@theregicide What is what?
Yes, I was partly talking about #SecondLife of which many are absolutely certain that it was shut down in late 2008 and 2009 when it'll actually celebrate its 20th birthday this year. And no, it doesn't look anything like the crummy and choppy old video footage from 2007 anymore.
But what I was mostly talking about is something called #OpenSimulator, #OpenSim in brief.
For those who do dare to tap/click on links and let them open in a Web browser: the official OpenSimulator website/wiki; Hypergrid Business: "What is OpenSim?"
For everyone else, I'll explain it right here: OpenSim is a server application that's the basis of a big network of 3-D #VirtualWorlds which are very similar in technology to Second Life. Thus, the name "OpenSimulator" is also used for the whole ecosystem.
OpenSim was developed around the Second Life Viewer API ("viewer" = "client" = the desktop app which you use to visit Second Life and OpenSim worlds) after Linden Labs had made their own viewer open-source in 2006. OpenSim itself was launched in 2007. It is free (BSD license), open-source, non-commercial and not owned by a corporation; instead, it is developed by volunteers in their spare time.
I've already said, "network of 3-D virtual worlds" which implies there isn't only one. There are many. They're called "grids" because they themselves are split into so-called "regions" of 256x256m; it is possible to walk (or drive or ride a scripted vehicle) from one region to another without teleporting, though.
OpenSim is fully decentralised, much like Mastodon and the other Fediverse projects. And in 2008, a feature called the #Hypergrid was introduced. It created the federation between OpenSim grids which made it possible to have an avatar registered on one grid and still teleport into a wholly different grid. It's even possible to pick up content on one grid and take it to another grid; like Second Life, but unlike many modern virtual worlds, OpenSim has an inventory.
While Second Life has only got one grid, the stats on Hypergrid Business count over 420 public grids. The stats recently submitted by the DreamGrid distribution which bundles OpenSim with an easy-to-use Windows point-and-click interface count over 10,000 private and public grids; most public grids aren't based on DreamGrid, though. More than 95% of all grids are connected to the Hypergrid.
In spite of its age and being largely unknown, OpenSim is not only large, but still growing. As for land size (which, by the way, is not measured by actual dry land, but by active regions), in the latest stats, only the 40 largest grids count 108,112 standard regions and thus measure 7,085 square kilometres or 2,737 square miles. 38 of them are connected to the Hypergrid, still counting, 106,175 standard regions and measuring 6,958 square kilometres or 2,688 square miles.
OSgrid, the first OpenSim grid and both the oldest and by far the largest OpenSim grid, counts 26,885 standard regions alone which amount to 1,762 square kilometres or 681 square miles. This is only slightly less than Second Life (27,741 standard regions, 1,818 square kilometres/702 square miles).
One reason why OpenSim is so huge is because it has some of the cheapest land of all 3-D virtual worlds. Especially some crypto-based virtual worlds sell patches of land which are smaller than a Second Life/OpenSim standard region for millions of dollars.
Second Life and OpenSim generally don't sell land, they offer it for rent. In Second Life, a standard region costs from about $250 a month upward.
On the Hypergrid, most grids charge you $10 a month for a standard region, some even less than that.
Better yet: Unlike Second Life, OpenSim has "varregions" which consist of multiple regions behaving like one with no borders between them, always arranged in a square. If you rent these, you get land for even cheaper. @Lone Wolf, owner of the #WolfTerritoriesGrid, the second-largest grid by land area, charges a little under $30 for a 4x4 varregion (that's the equivalent of 16 standard regions or a bit more than one square kilometre).

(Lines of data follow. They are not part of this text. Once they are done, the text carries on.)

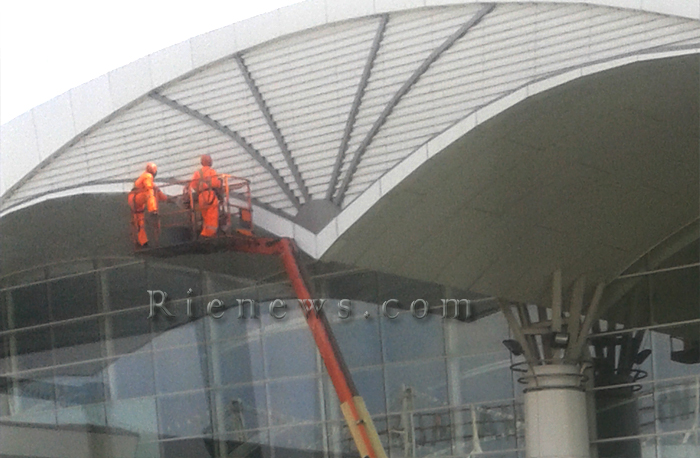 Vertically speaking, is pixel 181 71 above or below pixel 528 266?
above

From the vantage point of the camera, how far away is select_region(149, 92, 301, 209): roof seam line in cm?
2294

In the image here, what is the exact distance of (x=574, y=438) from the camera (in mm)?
23688

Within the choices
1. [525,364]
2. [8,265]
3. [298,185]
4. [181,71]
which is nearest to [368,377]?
[525,364]

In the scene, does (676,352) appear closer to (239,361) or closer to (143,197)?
(239,361)

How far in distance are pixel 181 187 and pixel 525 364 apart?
7.63 metres

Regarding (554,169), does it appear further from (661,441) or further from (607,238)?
(661,441)

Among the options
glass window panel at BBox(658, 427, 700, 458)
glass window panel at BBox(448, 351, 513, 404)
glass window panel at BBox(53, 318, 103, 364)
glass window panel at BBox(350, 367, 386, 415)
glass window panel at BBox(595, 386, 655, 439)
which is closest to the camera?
glass window panel at BBox(658, 427, 700, 458)

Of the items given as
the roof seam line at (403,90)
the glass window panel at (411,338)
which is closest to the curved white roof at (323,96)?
the roof seam line at (403,90)

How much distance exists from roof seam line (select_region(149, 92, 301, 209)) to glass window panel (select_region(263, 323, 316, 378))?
4.64m

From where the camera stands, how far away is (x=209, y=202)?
22.8 metres

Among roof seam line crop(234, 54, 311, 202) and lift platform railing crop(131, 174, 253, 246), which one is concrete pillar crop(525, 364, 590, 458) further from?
lift platform railing crop(131, 174, 253, 246)

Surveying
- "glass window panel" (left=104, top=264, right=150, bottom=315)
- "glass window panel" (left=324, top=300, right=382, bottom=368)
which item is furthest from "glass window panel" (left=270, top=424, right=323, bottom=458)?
"glass window panel" (left=104, top=264, right=150, bottom=315)

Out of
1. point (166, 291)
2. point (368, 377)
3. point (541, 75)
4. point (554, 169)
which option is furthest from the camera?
point (166, 291)

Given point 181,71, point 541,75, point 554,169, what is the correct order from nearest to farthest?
1. point 541,75
2. point 554,169
3. point 181,71
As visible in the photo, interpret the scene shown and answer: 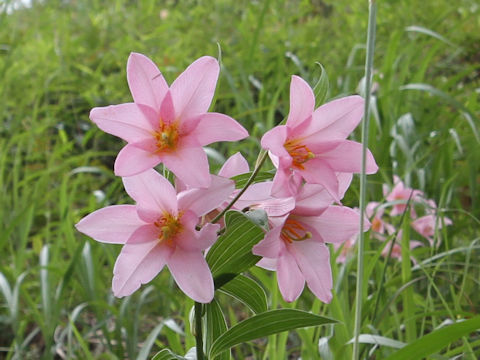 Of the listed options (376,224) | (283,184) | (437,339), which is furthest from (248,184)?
(376,224)

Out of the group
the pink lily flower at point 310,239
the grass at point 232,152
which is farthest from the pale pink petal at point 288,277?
the grass at point 232,152

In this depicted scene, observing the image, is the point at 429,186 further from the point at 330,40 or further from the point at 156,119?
the point at 330,40

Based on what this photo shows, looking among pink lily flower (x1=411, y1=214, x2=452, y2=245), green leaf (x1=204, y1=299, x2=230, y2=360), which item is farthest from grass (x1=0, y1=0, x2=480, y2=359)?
green leaf (x1=204, y1=299, x2=230, y2=360)

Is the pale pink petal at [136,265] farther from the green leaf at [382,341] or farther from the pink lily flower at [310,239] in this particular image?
the green leaf at [382,341]

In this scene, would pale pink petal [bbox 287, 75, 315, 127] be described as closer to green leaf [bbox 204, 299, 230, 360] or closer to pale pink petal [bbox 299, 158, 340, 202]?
pale pink petal [bbox 299, 158, 340, 202]

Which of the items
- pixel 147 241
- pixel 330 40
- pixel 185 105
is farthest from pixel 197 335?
pixel 330 40

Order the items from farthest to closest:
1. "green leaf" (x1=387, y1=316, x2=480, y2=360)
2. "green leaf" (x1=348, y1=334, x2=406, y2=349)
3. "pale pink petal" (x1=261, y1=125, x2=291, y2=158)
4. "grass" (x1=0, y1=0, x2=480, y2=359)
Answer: "grass" (x1=0, y1=0, x2=480, y2=359)
"green leaf" (x1=348, y1=334, x2=406, y2=349)
"green leaf" (x1=387, y1=316, x2=480, y2=360)
"pale pink petal" (x1=261, y1=125, x2=291, y2=158)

Varregions can grow up to 32x32 AFAIK, and 16x16 have been seen.
Well, and of course, you can always start a grid of your own.
There is no "official" grid, by the way. The core devs don't run their own grid; in fact, the lead dev only owns one personal region on #OSgrid.

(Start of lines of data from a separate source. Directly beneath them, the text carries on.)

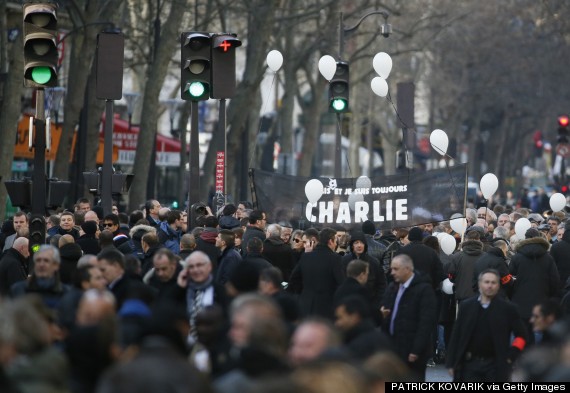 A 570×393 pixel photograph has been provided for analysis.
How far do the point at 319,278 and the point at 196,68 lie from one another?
11.5 ft

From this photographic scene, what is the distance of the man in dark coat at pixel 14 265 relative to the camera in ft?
49.5

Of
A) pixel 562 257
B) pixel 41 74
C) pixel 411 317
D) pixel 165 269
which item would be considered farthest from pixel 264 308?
pixel 562 257

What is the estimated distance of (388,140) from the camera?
6844 cm

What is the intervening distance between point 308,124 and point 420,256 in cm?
2941

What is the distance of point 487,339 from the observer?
12.7 metres

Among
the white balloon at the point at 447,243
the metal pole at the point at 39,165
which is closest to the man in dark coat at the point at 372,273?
the metal pole at the point at 39,165

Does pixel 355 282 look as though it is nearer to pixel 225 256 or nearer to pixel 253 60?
pixel 225 256

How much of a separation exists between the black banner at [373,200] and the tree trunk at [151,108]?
10.3m

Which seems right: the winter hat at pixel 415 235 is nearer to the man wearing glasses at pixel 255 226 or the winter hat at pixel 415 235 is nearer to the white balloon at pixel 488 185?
the man wearing glasses at pixel 255 226

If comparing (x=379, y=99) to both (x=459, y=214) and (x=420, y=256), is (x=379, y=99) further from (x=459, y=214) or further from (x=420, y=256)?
(x=420, y=256)

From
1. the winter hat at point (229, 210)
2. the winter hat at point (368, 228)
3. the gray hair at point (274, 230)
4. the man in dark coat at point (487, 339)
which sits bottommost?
the man in dark coat at point (487, 339)

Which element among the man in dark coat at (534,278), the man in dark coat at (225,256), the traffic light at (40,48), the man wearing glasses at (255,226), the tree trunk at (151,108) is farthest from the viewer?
the tree trunk at (151,108)

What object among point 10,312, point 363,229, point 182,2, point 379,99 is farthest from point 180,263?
point 379,99

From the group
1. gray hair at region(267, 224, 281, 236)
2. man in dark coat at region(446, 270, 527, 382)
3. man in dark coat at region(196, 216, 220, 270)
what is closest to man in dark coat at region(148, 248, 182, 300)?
man in dark coat at region(446, 270, 527, 382)
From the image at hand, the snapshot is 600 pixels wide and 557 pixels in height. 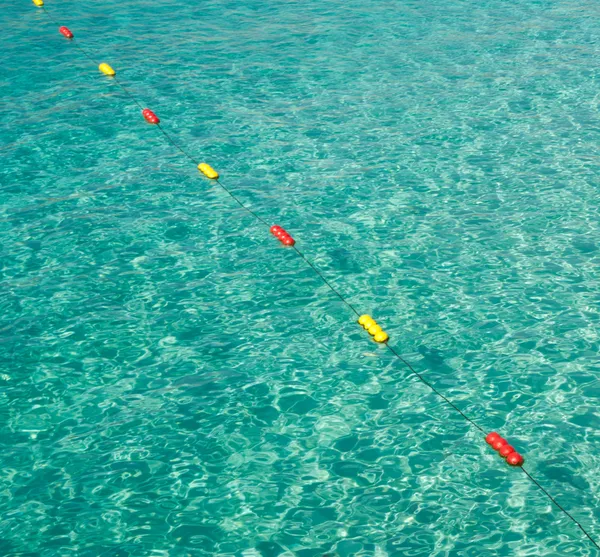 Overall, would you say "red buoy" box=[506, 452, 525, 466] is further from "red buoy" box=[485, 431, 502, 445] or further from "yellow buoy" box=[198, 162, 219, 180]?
"yellow buoy" box=[198, 162, 219, 180]

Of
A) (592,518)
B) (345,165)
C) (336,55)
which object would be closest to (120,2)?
(336,55)

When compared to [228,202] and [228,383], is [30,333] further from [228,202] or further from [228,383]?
[228,202]

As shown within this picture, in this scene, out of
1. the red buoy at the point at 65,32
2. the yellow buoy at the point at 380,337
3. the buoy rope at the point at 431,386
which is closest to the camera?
the buoy rope at the point at 431,386

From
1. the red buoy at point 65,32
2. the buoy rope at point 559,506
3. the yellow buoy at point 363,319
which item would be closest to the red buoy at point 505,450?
the buoy rope at point 559,506

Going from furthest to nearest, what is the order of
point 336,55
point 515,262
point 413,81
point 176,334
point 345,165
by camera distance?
point 336,55 < point 413,81 < point 345,165 < point 515,262 < point 176,334

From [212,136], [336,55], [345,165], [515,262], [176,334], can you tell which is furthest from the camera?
[336,55]

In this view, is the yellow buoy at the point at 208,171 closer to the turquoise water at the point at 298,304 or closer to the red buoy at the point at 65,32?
the turquoise water at the point at 298,304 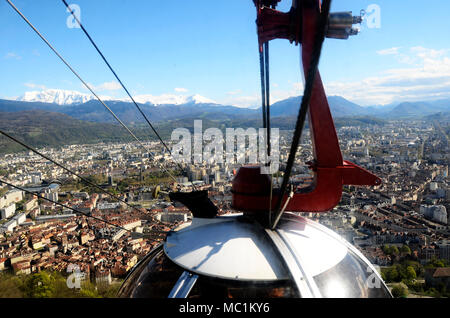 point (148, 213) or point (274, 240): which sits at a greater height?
point (274, 240)

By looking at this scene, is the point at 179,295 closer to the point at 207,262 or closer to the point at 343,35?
the point at 207,262

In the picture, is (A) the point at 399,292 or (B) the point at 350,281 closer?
(B) the point at 350,281

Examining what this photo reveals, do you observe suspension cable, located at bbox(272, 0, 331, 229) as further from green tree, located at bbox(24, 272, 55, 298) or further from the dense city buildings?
green tree, located at bbox(24, 272, 55, 298)

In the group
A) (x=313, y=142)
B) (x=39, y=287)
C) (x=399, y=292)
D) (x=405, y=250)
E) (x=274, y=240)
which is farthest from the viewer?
(x=405, y=250)

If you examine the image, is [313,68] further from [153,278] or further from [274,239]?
[153,278]

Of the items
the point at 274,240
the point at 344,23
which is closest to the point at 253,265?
the point at 274,240

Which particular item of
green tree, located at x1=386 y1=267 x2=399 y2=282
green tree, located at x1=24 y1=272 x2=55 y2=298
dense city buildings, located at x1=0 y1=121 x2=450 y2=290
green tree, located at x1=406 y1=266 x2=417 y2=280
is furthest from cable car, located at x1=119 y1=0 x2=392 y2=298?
green tree, located at x1=406 y1=266 x2=417 y2=280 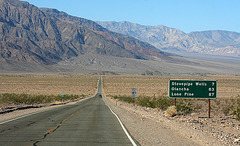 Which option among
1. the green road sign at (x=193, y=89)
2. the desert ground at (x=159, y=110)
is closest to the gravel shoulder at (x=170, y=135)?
the desert ground at (x=159, y=110)

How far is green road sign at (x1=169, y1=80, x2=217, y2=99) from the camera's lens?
1969 cm

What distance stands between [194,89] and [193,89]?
0.07 metres

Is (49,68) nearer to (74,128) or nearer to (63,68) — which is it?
(63,68)

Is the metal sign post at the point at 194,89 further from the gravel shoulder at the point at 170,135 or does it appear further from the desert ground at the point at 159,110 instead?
the gravel shoulder at the point at 170,135

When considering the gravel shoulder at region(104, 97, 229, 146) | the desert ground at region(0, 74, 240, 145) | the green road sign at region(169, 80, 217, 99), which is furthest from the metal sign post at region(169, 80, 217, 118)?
the gravel shoulder at region(104, 97, 229, 146)

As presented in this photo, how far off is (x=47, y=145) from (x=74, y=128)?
406 centimetres

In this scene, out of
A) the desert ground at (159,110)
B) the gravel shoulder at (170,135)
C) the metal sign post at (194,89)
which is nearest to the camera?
the gravel shoulder at (170,135)

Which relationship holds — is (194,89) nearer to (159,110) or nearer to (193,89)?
(193,89)

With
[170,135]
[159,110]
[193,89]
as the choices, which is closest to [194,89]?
[193,89]

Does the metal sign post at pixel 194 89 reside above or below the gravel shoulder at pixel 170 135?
above

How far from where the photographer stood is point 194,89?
65.0ft

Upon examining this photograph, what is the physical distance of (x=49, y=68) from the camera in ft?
628

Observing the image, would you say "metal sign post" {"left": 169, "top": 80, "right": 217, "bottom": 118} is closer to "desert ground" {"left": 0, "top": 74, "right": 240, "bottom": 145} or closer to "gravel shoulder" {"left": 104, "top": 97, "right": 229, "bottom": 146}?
"desert ground" {"left": 0, "top": 74, "right": 240, "bottom": 145}

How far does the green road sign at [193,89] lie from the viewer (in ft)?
64.6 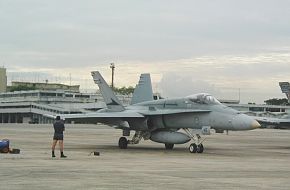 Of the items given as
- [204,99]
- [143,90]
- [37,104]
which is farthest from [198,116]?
[37,104]

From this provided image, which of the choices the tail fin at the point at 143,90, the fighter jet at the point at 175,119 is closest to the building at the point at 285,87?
the tail fin at the point at 143,90

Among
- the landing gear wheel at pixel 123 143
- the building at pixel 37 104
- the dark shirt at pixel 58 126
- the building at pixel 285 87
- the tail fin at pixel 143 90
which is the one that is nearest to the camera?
the dark shirt at pixel 58 126

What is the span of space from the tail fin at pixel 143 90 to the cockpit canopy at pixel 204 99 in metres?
5.64

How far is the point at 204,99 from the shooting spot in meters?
26.6

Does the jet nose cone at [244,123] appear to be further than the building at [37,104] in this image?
No

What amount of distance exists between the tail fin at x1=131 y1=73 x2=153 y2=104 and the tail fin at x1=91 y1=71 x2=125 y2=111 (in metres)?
1.49

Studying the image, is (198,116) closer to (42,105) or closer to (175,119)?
(175,119)

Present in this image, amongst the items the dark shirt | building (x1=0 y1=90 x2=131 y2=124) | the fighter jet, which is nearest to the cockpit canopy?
the fighter jet

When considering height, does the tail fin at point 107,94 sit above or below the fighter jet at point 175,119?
above

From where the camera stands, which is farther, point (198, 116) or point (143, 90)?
point (143, 90)

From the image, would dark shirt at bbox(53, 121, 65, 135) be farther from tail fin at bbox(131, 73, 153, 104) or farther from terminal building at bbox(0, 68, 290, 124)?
terminal building at bbox(0, 68, 290, 124)

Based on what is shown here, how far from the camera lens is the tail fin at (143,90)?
32469mm

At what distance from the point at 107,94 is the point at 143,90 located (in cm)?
217

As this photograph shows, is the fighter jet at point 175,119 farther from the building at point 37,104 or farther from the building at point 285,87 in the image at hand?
the building at point 37,104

It's also worth mentioning that the term #metaverse has been used around OpenSim for much longer than most people have even known it. While I don't have records about it, the Hypergrid may have been referred to as a "metaverse" as early as its own inception in 2008; maybe even OpenSim itself was called that as early as 2007. The Infinite Metaverse Alliance has used that word in its name since it was founded in 2016.
There are even grids with "metaverse" in their names which predate Mark Zuckerberg's "metaverse" announcement by years such as the IMA's own Metaverse Depot or Alternate Metaverse, established in 2019.
Essentially, OpenSim with its Hypergrid is the free, open, decentralised, distributed "metaverse" which several initiatives are currently working on creating from scratch, all believing nothing like this had ever been done before.
And it is all that without a blockchain, without a cryptocurrency and without NFTs.
CC @bdonnelly, in case you can't believe that this exists.